---------- DATA FOR THIS TASK

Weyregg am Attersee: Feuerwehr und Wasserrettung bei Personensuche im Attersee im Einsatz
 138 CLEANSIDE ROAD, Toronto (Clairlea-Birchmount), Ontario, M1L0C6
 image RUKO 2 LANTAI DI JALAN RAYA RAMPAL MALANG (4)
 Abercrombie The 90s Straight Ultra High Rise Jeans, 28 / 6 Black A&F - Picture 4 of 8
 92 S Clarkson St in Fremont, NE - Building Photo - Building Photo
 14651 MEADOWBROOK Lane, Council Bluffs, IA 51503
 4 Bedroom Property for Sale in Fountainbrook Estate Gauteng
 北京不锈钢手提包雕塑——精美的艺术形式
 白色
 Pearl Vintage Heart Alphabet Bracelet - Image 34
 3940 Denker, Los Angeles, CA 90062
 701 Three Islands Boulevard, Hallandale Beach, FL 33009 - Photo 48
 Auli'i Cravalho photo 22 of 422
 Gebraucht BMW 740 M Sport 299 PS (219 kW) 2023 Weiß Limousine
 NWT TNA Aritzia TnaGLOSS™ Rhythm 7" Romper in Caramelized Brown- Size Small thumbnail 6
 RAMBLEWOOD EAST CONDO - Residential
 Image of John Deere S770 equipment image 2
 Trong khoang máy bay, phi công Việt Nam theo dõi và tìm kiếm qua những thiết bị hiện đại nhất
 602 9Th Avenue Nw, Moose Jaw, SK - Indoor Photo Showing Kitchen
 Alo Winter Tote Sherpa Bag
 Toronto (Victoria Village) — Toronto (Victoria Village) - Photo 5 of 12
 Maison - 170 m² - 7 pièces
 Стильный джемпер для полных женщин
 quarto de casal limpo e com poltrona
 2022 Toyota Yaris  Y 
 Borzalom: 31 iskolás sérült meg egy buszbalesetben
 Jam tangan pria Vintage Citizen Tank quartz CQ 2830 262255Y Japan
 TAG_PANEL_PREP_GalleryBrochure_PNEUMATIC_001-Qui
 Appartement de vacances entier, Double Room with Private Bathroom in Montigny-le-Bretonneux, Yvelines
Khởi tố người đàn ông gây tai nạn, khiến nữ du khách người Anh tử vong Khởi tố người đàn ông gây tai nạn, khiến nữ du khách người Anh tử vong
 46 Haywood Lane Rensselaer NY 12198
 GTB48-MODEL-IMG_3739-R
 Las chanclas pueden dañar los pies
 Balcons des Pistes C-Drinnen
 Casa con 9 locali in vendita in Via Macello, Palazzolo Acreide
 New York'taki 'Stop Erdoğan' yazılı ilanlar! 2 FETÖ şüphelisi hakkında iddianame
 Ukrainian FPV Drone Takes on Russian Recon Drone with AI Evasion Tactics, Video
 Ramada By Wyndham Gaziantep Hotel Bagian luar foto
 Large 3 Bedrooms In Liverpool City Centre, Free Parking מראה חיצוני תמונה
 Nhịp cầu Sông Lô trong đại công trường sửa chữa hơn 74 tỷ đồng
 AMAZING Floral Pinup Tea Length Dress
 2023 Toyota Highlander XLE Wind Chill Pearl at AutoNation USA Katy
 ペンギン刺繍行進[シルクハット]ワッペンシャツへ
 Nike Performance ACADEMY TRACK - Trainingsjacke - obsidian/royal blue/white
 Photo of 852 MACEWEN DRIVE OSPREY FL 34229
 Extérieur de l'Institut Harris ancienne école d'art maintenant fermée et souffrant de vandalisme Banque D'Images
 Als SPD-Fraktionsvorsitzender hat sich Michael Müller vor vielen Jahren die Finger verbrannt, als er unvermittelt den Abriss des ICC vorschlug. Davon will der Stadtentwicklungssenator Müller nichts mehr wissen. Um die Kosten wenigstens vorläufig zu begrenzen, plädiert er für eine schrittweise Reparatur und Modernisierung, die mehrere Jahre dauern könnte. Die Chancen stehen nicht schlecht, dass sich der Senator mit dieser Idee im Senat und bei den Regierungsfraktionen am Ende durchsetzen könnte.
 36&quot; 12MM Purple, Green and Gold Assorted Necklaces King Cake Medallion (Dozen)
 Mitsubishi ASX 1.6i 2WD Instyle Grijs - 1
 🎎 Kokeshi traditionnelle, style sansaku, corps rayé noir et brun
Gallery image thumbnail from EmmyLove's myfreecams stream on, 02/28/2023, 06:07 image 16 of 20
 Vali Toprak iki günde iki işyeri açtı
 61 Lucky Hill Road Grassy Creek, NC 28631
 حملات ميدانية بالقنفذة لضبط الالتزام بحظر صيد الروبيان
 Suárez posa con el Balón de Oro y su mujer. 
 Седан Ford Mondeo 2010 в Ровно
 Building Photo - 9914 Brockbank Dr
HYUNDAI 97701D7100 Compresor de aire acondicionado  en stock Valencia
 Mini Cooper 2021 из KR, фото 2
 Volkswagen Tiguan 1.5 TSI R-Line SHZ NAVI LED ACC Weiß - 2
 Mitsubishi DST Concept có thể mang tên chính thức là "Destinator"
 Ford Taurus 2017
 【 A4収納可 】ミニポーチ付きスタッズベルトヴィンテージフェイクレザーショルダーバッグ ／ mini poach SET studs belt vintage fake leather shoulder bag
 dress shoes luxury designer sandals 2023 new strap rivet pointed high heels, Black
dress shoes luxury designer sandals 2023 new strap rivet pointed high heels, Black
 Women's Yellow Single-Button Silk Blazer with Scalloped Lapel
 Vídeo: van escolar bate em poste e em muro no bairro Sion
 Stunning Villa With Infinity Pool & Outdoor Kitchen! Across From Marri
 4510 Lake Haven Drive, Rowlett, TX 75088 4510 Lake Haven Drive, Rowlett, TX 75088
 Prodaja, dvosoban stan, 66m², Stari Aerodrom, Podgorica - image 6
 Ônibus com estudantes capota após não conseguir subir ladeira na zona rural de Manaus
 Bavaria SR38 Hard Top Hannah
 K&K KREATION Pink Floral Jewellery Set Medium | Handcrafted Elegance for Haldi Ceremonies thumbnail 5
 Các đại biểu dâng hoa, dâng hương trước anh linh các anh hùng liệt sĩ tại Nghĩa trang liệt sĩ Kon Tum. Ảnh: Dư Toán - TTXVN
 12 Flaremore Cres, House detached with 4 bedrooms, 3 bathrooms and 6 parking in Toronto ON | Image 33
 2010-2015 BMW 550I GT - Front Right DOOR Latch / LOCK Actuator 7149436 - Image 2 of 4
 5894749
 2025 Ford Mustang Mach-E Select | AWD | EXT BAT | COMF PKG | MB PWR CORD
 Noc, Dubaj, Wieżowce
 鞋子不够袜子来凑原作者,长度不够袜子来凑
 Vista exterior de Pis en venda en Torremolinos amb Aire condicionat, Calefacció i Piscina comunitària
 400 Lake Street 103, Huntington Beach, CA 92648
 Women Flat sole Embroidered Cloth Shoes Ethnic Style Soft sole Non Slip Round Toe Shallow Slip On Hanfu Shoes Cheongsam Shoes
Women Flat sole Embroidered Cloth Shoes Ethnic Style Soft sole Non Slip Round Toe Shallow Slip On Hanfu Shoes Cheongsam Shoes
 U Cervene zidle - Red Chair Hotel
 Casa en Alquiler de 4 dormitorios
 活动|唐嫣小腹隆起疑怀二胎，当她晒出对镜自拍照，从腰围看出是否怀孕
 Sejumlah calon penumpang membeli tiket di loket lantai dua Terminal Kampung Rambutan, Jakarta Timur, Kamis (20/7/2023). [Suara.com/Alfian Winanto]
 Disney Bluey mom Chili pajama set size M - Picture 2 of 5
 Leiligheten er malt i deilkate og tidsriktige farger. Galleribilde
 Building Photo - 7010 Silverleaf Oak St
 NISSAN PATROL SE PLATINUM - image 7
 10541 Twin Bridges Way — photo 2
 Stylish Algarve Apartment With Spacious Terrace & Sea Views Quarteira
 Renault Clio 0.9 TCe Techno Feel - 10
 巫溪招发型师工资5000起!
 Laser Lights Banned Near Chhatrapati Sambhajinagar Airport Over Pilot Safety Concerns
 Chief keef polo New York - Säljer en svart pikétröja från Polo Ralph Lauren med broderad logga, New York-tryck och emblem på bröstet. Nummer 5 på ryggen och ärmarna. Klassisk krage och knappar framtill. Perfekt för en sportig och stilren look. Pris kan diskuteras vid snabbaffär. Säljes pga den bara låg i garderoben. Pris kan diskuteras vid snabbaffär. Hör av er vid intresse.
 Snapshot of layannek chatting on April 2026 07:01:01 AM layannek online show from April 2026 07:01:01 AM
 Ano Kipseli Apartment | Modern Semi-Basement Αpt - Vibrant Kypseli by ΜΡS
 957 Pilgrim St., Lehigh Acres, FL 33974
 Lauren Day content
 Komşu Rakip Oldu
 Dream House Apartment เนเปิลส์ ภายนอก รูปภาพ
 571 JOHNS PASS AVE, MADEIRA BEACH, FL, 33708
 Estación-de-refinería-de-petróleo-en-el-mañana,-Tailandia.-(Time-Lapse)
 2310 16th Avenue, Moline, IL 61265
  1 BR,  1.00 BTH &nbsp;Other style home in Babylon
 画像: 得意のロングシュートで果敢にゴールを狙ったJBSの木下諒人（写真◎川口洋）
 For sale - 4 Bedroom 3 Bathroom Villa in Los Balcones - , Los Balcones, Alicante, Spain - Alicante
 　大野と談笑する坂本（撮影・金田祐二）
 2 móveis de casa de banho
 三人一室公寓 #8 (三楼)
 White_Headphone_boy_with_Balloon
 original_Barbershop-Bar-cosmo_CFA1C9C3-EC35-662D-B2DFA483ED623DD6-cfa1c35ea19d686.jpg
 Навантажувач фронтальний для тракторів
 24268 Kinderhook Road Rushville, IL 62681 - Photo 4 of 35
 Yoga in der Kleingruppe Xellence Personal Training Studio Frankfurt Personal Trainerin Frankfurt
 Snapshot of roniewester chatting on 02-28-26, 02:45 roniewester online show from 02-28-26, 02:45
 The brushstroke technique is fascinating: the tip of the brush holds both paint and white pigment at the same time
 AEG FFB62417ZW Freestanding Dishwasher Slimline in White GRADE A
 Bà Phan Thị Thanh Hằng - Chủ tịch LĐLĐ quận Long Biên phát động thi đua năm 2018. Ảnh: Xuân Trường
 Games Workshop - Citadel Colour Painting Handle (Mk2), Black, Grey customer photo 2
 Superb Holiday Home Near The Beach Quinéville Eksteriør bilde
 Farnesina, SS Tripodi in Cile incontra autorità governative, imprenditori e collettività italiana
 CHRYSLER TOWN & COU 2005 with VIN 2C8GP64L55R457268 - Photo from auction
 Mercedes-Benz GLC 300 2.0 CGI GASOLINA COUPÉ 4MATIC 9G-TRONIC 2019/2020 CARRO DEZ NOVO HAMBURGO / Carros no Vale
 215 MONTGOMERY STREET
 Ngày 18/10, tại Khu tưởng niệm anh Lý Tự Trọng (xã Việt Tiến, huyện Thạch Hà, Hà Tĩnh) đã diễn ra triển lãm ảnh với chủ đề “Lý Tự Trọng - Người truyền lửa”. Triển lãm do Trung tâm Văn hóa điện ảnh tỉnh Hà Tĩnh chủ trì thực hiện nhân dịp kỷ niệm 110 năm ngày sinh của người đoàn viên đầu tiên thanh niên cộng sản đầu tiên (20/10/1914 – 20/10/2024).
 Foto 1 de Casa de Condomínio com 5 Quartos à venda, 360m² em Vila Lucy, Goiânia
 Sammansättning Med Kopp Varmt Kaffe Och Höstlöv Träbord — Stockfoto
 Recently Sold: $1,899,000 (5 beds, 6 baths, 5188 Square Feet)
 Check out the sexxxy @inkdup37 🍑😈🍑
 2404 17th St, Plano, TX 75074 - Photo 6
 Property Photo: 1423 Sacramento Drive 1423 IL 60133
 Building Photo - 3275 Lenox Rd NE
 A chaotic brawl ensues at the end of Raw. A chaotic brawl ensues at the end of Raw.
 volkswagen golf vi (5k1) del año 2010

--------------------

# [WHAT NEEDS TO BE DONE]
Show, from the listing above, every line holding the word "Round".

# [SOLVED PROBLEM]
 Women Flat sole Embroidered Cloth Shoes Ethnic Style Soft sole Non Slip Round Toe Shallow Slip On Hanfu Shoes Cheongsam Shoes
Women Flat sole Embroidered Cloth Shoes Ethnic Style Soft sole Non Slip Round Toe Shallow Slip On Hanfu Shoes Cheongsam Shoes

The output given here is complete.